Konfirmasi Pihak Terkait Masih Ditunggu
Untuk menjaga prinsip keberimbangan berita, Media Center Investigasi telah mencoba mengonfirmasi dugaan keterlibatan oknum aparat dalam perambahan ini kepada pihak terkait, termasuk inisial ND yang disebut-sebut dalam informasi yang beredar. Namun, hingga berita ini diterbitkan, belum ada tanggapan resmi dari yang bersangkutan.
Potensi Pelanggaran Hukum
Jika terbukti terjadi perambahan di kawasan hutan lindung tanpa izin resmi, maka hal ini berpotensi melanggar beberapa regulasi, antara lain:
1. Undang-Undang Nomor 41 Tahun 1999 tentang Kehutanan, yang melarang penguasaan dan pengolahan lahan di kawasan hutan lindung tanpa izin resmi.

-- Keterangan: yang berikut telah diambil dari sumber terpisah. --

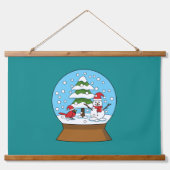 雪の球体(鳥)ショウジョウコウカンチョウ雪だるまと松の木 吊り下げ型タペストリー (正面)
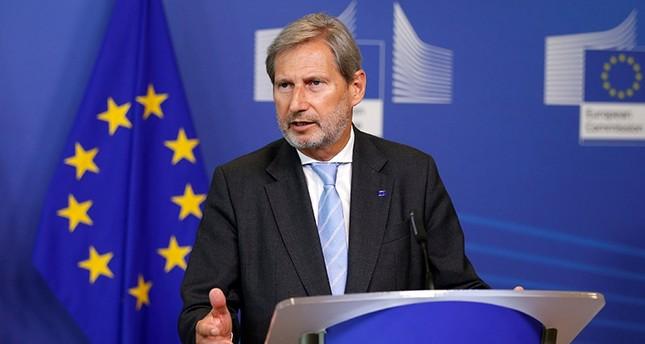 Evropski komisar za širitev Johannes Hahn za Deutsche Welle: V Sofiji šest novih pobud za Zahodni Balkan!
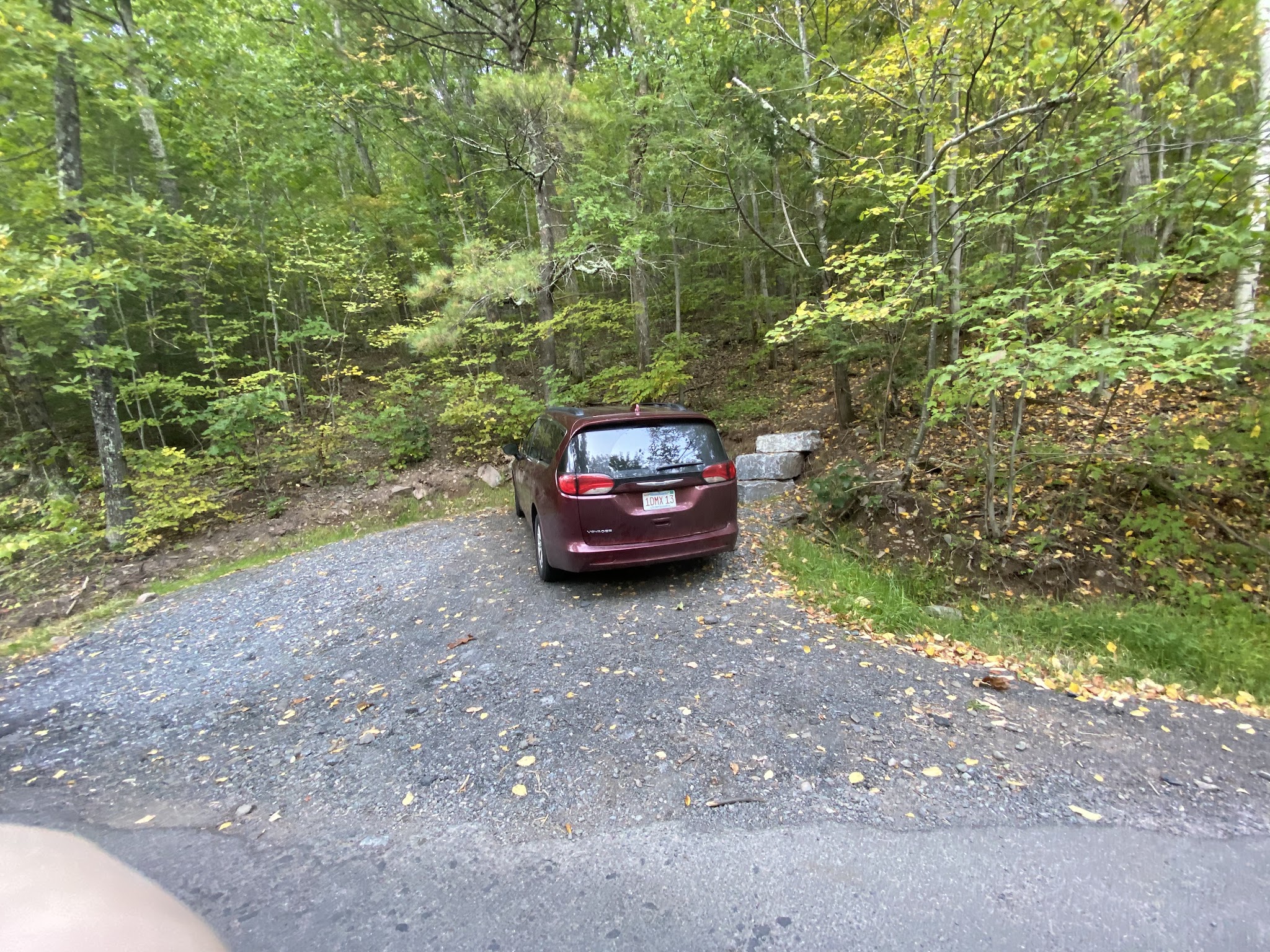 Devil's Kitchen - Platte Clove Road - red van parked in single pull-out spot on roadside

2. Undang-Undang Nomor 26 Tahun 2007 tentang Penataan Ruang, yang mengatur bahwa setiap perubahan tata ruang harus mendapat persetujuan pemerintah pusat.

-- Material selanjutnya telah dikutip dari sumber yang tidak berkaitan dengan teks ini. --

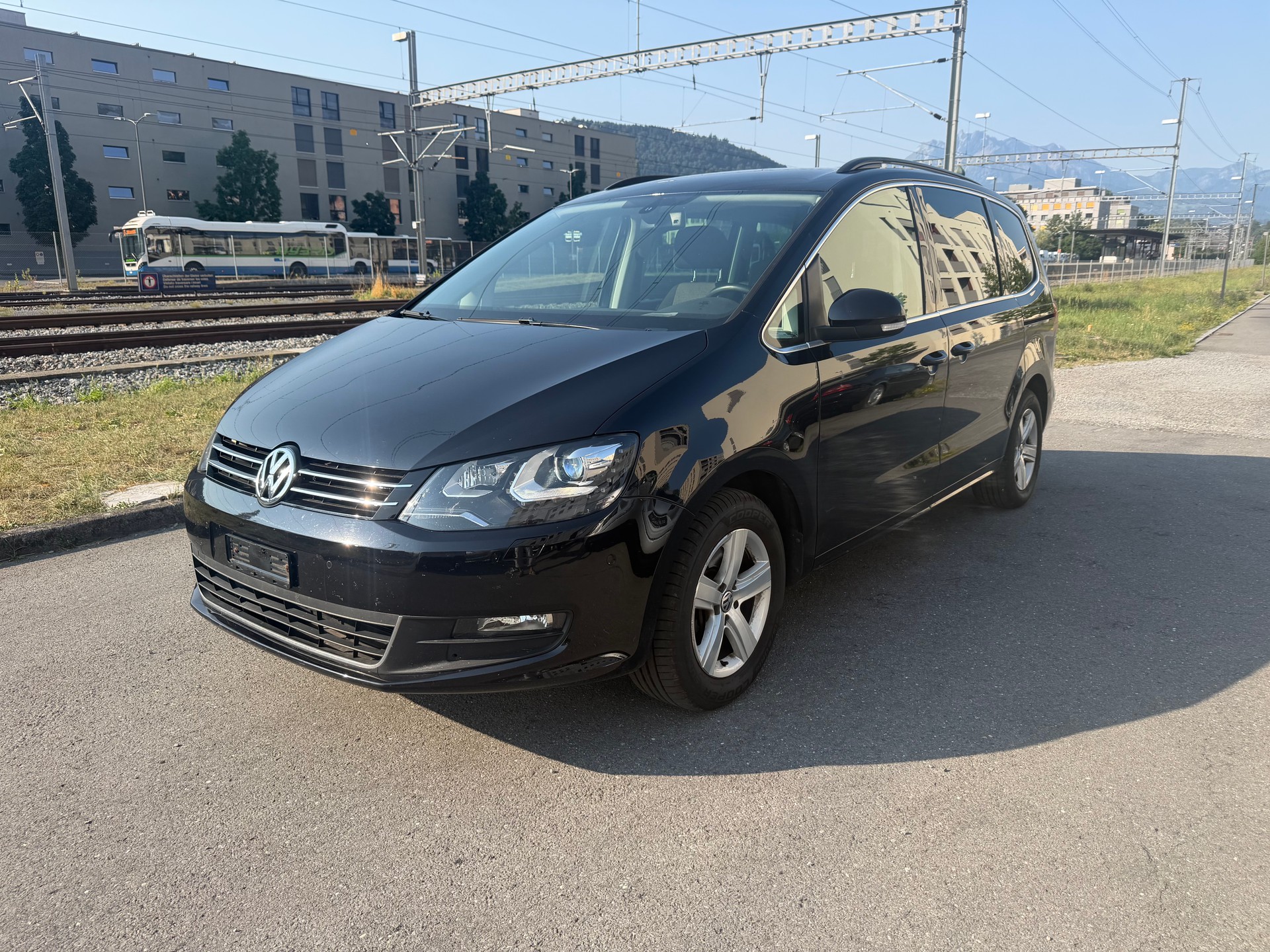 VW Sharan 2.0 TDI BMT Comfortline 4Motion-image-0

3. Undang-Undang Nomor 32 Tahun 2009 tentang Perlindungan dan Pengelolaan Lingkungan Hidup, yang menegaskan bahwa perusakan lingkungan dapat dikenai sanksi pidana.

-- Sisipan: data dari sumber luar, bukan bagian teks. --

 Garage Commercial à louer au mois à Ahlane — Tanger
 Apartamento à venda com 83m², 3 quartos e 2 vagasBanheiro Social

4. Undang-Undang Nomor 31 Tahun 1999 tentang Pemberantasan Tindak Pidana Korupsi, jika ditemukan indikasi penyalahgunaan jabatan dalam proses penguasaan lahan.
5. Undang-Undang Nomor 14 Tahun 2008 tentang Keterbukaan Informasi Publik (KIP), yang menjamin hak masyarakat dan pers untuk memperoleh informasi yang berkaitan dengan kepentingan publik.
6. Undang-Undang Nomor 25 Tahun 2009 tentang Pelayanan Publik, yang mewajibkan pemerintah dan instansi terkait untuk memberikan layanan yang transparan dan akuntabel kepada masyarakat.
7. Undang-Undang Nomor 40 Tahun 1999 tentang Pers, yang menjamin kebebasan pers dalam menjalankan fungsi kontrol sosial, termasuk dalam mengungkap dugaan pelanggaran hukum.
Desakan Penyelidikan dan Tindakan Tegas
Tim Center Investigasi mendesak aparat penegak hukum serta instansi terkait untuk segera menyelidiki dugaan perambahan ini dan mengungkap pihak yang bertanggung jawab.
Masyarakat juga diharapkan turut serta dalam mengawasi kawasan hutan agar tidak terjadi perambahan yang berpotensi merusak lingkungan dan menimbulkan dampak ekologis jangka panjang.
Media Center Investigasi akan terus mengawal perkembangan kasus ini hingga ada tindakan konkret dari pihak berwenang.